**YOUR ASSIGNMENT:** Make a tally of the lines in the records that include the string "Christmas", and give only that number.

---- DATA RECORDS

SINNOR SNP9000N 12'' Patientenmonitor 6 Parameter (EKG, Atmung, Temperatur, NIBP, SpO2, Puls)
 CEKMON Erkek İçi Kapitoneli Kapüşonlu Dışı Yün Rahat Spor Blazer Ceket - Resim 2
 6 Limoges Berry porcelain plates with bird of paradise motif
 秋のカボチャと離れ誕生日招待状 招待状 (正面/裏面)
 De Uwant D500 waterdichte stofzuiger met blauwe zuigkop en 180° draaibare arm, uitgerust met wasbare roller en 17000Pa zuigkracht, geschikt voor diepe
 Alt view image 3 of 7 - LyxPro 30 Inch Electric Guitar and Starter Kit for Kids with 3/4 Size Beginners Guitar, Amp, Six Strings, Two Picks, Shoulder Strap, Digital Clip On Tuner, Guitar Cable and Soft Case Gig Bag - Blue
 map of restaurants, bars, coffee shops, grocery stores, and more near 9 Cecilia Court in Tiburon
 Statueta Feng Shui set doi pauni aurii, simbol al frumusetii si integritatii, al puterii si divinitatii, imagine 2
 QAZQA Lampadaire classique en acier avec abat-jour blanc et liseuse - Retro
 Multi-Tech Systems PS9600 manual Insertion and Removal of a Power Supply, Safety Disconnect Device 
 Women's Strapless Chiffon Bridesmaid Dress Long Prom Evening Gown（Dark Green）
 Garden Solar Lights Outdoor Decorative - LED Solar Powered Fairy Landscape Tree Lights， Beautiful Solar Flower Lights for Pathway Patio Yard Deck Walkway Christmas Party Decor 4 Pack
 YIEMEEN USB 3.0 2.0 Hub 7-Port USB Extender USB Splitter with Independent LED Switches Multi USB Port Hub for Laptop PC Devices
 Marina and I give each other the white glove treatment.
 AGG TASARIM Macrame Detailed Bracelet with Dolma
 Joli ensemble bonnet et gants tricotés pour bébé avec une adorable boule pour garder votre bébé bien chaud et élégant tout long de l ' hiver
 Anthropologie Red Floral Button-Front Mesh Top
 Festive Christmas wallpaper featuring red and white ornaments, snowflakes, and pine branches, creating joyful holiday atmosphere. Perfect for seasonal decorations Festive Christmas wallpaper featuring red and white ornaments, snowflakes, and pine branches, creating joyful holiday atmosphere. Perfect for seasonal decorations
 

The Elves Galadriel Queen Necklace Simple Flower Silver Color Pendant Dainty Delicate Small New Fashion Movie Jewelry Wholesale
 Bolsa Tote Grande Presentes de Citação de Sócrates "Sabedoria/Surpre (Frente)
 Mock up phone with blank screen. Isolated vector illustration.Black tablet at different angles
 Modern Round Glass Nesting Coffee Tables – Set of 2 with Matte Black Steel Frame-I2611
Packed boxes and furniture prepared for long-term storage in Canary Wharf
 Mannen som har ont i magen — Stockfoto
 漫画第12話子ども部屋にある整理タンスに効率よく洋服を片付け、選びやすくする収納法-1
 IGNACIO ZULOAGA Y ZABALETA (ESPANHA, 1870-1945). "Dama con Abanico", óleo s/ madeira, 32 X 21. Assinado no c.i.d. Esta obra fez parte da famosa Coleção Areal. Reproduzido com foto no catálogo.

--------

**ANSWER FOR THIS EXERCISE:** 2